The utilities Linux offer often follow the UNIX philosophy of design. Any tool should be small, use plain text for I/O, and operate in a modular manner. Thanks to the legacy, we have some of the finest text processing functionalities with the help of tools like sed and awk.
In Linux, the awk tool comes pre-installed on all Linux distros. AWK itself is a programming language. The AWK tool is just an interpreter of the AWK programming language. In this guide, check out how to use AWK on Linux.
AWK usage
The AWK tool is most useful when texts are organized in a predictable format. It’s quite good at parsing and manipulating tabular data. It operates on a line-by-line basis, on the entire text file.

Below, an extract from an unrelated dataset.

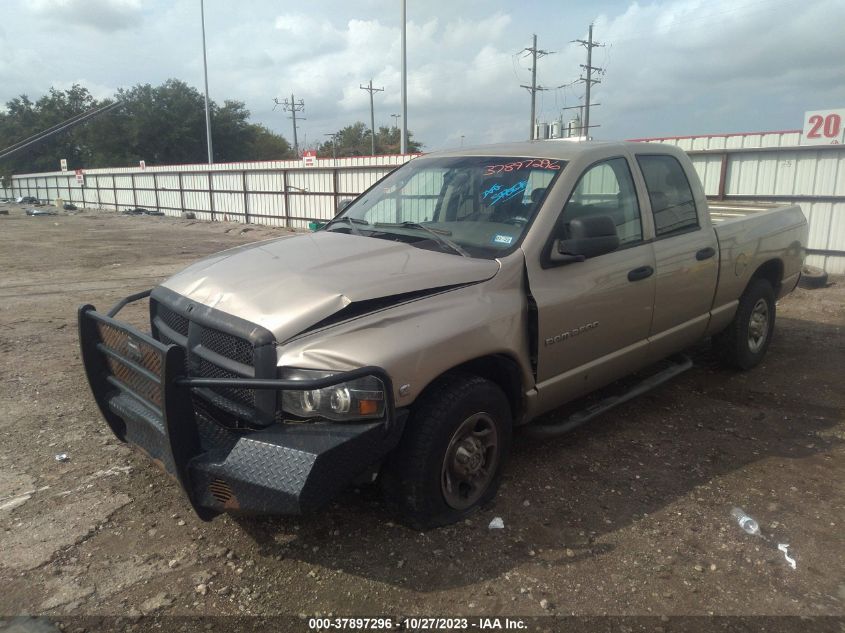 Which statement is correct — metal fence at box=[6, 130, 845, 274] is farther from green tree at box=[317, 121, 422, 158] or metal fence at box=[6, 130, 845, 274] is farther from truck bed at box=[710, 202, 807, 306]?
green tree at box=[317, 121, 422, 158]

The default behavior of awk is to use whitespaces (spaces, tabs, etc.) for separating fields. Thankfully, many of the configuration files on Linux follow this pattern.
Basic syntax
This is how the command structure of awk looks like.

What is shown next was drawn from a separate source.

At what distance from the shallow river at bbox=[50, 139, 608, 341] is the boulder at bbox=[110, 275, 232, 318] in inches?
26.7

The portions of the command are quite self-explanatory. Awk can operate without the search or action portion. If nothing is specified, then the default action on the match will be just printing. Basically, awk will print all the matches found on the file.
If there’s no search pattern specified, then awk will perform the specified actions on every single line of the file.
If both portions are given, then awk will use the pattern to determine whether the current line reflects it. If matched, then awk performs the action specified.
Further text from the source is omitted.